SPF — 20 total (19 analysis + 1 collection) test cases
Validates qualifier classification (~all, -all, +all, ?all), DNS lookup counting (RFC 7208 §4.6.4), 10-lookup limit enforcement, no-mail intent detection, multiple-record error handling (§3.2), record classification (valid vs. spf-like), and cross-protocol RFC 7489 §10.1 premature rejection warnings.
Methodology: Deterministic input → expected output. No live DNS. Pure logic validation.
DMARC — 24 total (21 analysis + 3 collection) test cases
Validates policy enforcement logic (reject/quarantine/none per RFC 7489 §6.3), partial percentage coverage, SPF-only exposure, DMARC-without-SPF gaps, null MX no-mail domains (RFC 7505), and structured color/severity mapping for spoofability assessment.
Methodology: Combinatorial policy matrix → expected verdict + severity color.
DKIM — 8 total (7 analysis + 1 collection) test cases
Validates RSA key strength classification (1024-bit weak, 2048-bit adequate per RFC 8301), Ed25519 key type parsing (RFC 8463), revoked key detection (empty p= per RFC 6376 §3.6.1), test mode flag detection (t=y), and provider fingerprinting (Google, Microsoft 365).
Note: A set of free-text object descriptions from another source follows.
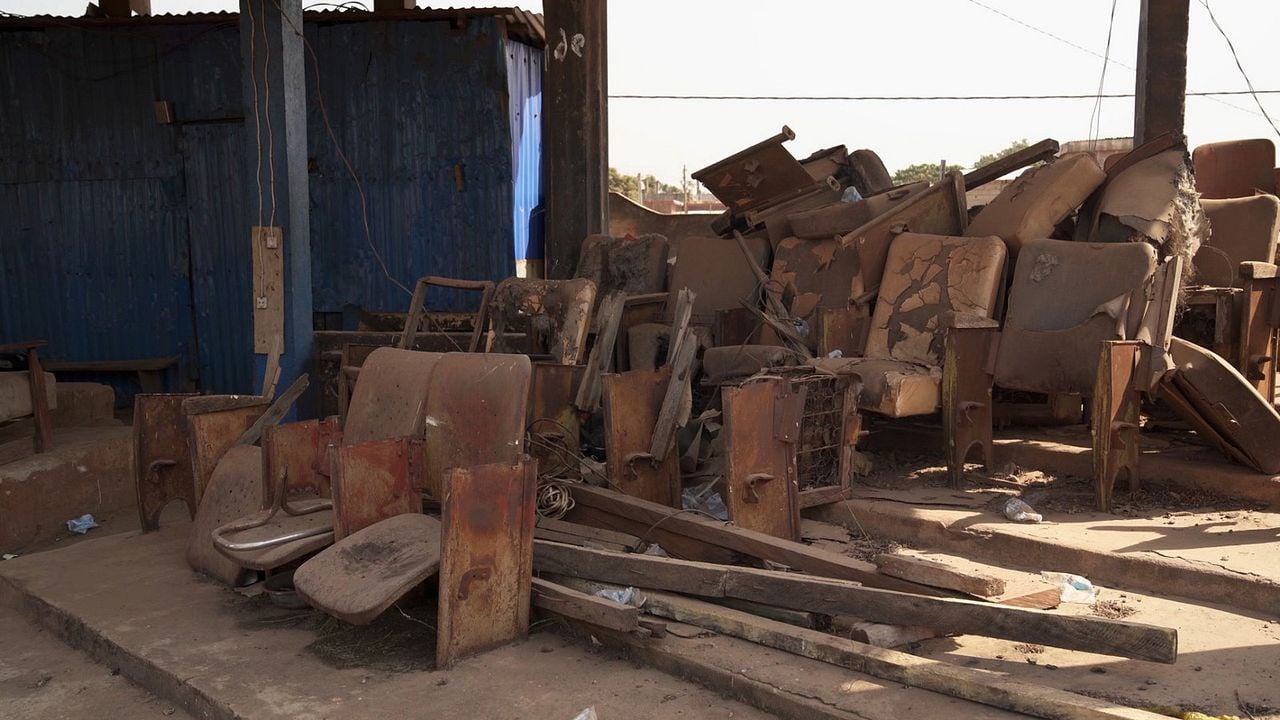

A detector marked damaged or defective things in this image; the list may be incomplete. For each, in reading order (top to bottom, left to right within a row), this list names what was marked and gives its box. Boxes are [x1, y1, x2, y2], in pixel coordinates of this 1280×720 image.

torn seat cushion [0, 368, 56, 420]
rusty orange metal sheet [133, 389, 198, 530]
splintered wood board [293, 509, 442, 622]
rusty orange metal sheet [332, 430, 422, 538]
rusty orange metal sheet [424, 351, 529, 497]
rusty orange metal sheet [435, 458, 535, 666]
broken wooden slat [529, 576, 634, 627]
rusty orange metal sheet [604, 366, 686, 507]
pile of broken chairs [127, 127, 1280, 707]
broken wooden slat [560, 479, 931, 591]
torn seat cushion [701, 343, 798, 384]
rusty orange metal sheet [727, 381, 803, 538]
broken wooden slat [532, 538, 1177, 661]
broken wooden slat [634, 584, 1167, 717]
torn seat cushion [865, 230, 1003, 366]
broken wooden slat [875, 550, 1003, 597]
torn seat cushion [962, 151, 1105, 252]
cracked concrete ledge [814, 499, 1280, 617]
torn seat cushion [988, 237, 1162, 392]
torn seat cushion [1187, 196, 1280, 288]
Methodology: Synthetic DKIM records → expected key analysis + provider classification.
DNSSEC — 25 total (18 analysis + 7 collection) test cases
Validates chain-of-trust verdicts (signed/unsigned/broken per RFC 4033 §2), tampering exposure assessment, DS digest classification (SHA-256 per RFC 8624 §3.3), enterprise DNS provider detection (Cloudflare, AWS Route 53, Google Cloud DNS, Azure, Akamai, NS1 per RFC 1035), and inheritance chain classification.
Methodology: Simulated NS/DS inputs → expected verdict + provider fingerprint.
DANE/TLSA — 14 total (10 analysis + 4 collection) test cases
Validates TLSA usage type parsing (DANE-EE usage 3 per RFC 7672 §3.1), deprecated usage recommendations (usage 0 triggers RFC 7672 advisory), MX host extraction (RFC 5321 §5), full-coverage verdict logic, and no-TLSA informational classification.
Methodology: Synthetic TLSA + MX inputs → expected verdict + coverage status.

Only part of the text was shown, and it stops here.